Answer 2c: Let y_{0} belong to at least one B_{i} so that x_{0} = f^{-1}(y_{0}) = f^{-1}(B_{i}) for some i. In other words, f^{-1}(\bigcup_{i}B_{i}) = \bigcup_{i}f^{-1}(B_{i})

Answer 2d:

TPT: f^{-1}(B^{'}) = f^{-1}(B)^{'}.

Let y_{0} \in f^{-1}(B^{'}).

Hence, f(y_{0}) \in B^{'}.

Hence, f(y_{0}) \in U-B, where U is the universal set

Hence, f(y_{0}) \in U-f(A)

Hence, f(y_{0}) \in U-B

Hence, f(y_{0}) \in U-f(A)

Hence, f(y_{0}) \in (f(A))^{'}

Hence, y_{0} \in f^{-1}(B)^{'}. Hence, f^{-1}(B^{'}) \subseteq f^{-1}(B)^{'}

Reversing the arguments proves the other subset inequality.

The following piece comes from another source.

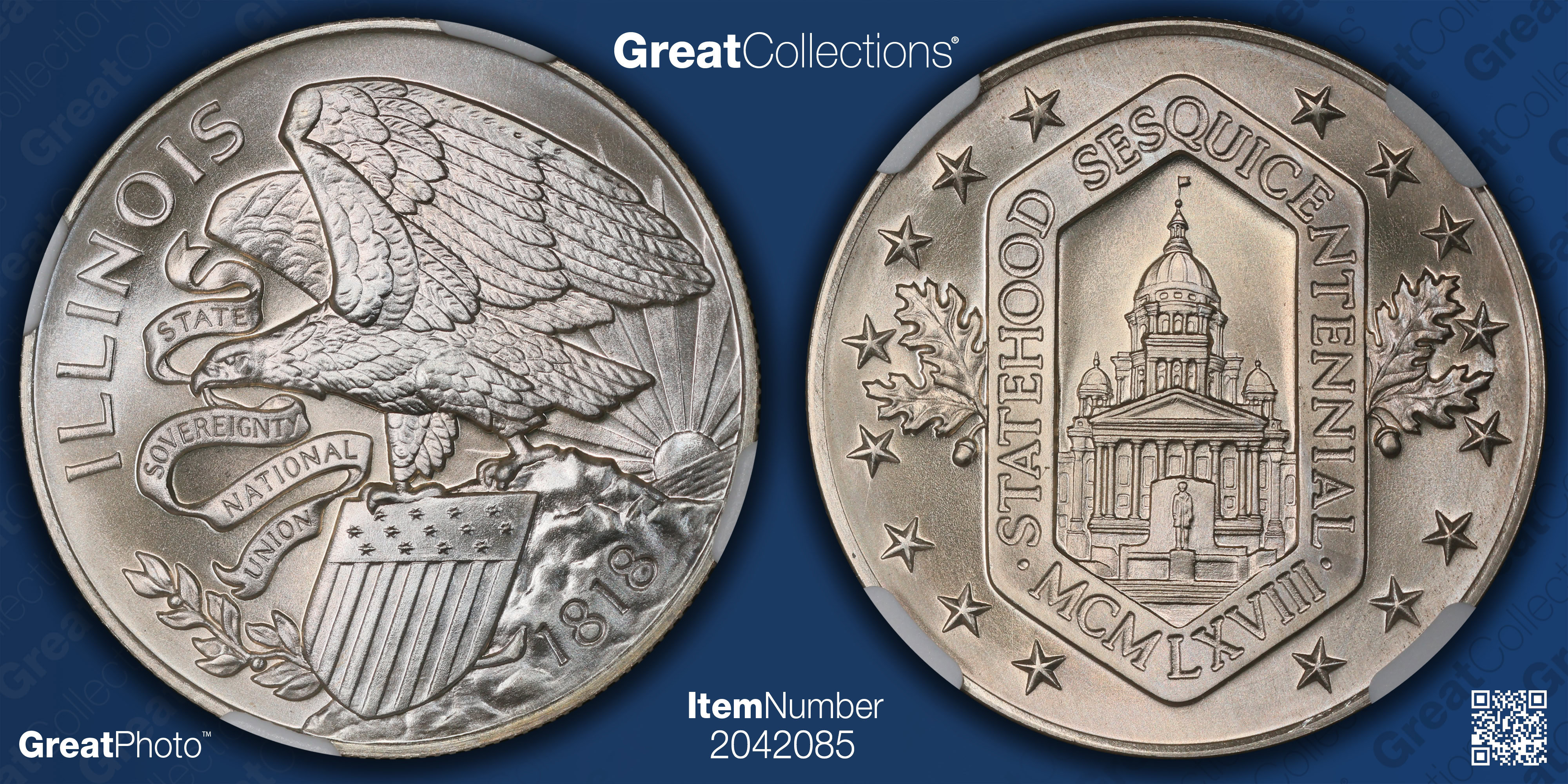 1968 Silver Illinois Sesquicentennial Heraldic Art Medal So-Called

Hence, f^{-1}(B^{'}) = f^{-1}(B)^{'}. QED.

More Problems :

A) Two mappings f: X \rightarrow Y and g: X \rightarrow Y are said to be equal (and we write them as f=g) if f(x) = g(x) for every x in X. Let f, g, and h be any three mappings of a non-empty set X into itself, and now prove that the multiplication of mappings is associative in the sense that (fg)h = f(gh).

Solution A:

Let f: X \rightarrow X, g: X \rightarrow X, and h: X \rightarrow X be any three mappings of X into itself. Let x_{0} \in X and let h(x_{0}) = x_{1} \in X. Now, we know that ((fg)h)(x)= (fg)(h(x)). So that now we want to find (fg)(x_{1}) = f(g(x_{1})) = f(x_{2}) assuming g(x_{1}) \in x_{2} \in X.

Now, on the other hand, (f(gh))(x) means (f)((gh)(x)) = f(g(h(x_{0})) = f(g(x_{1}))=f(x_{2}) just as in LHS. QED.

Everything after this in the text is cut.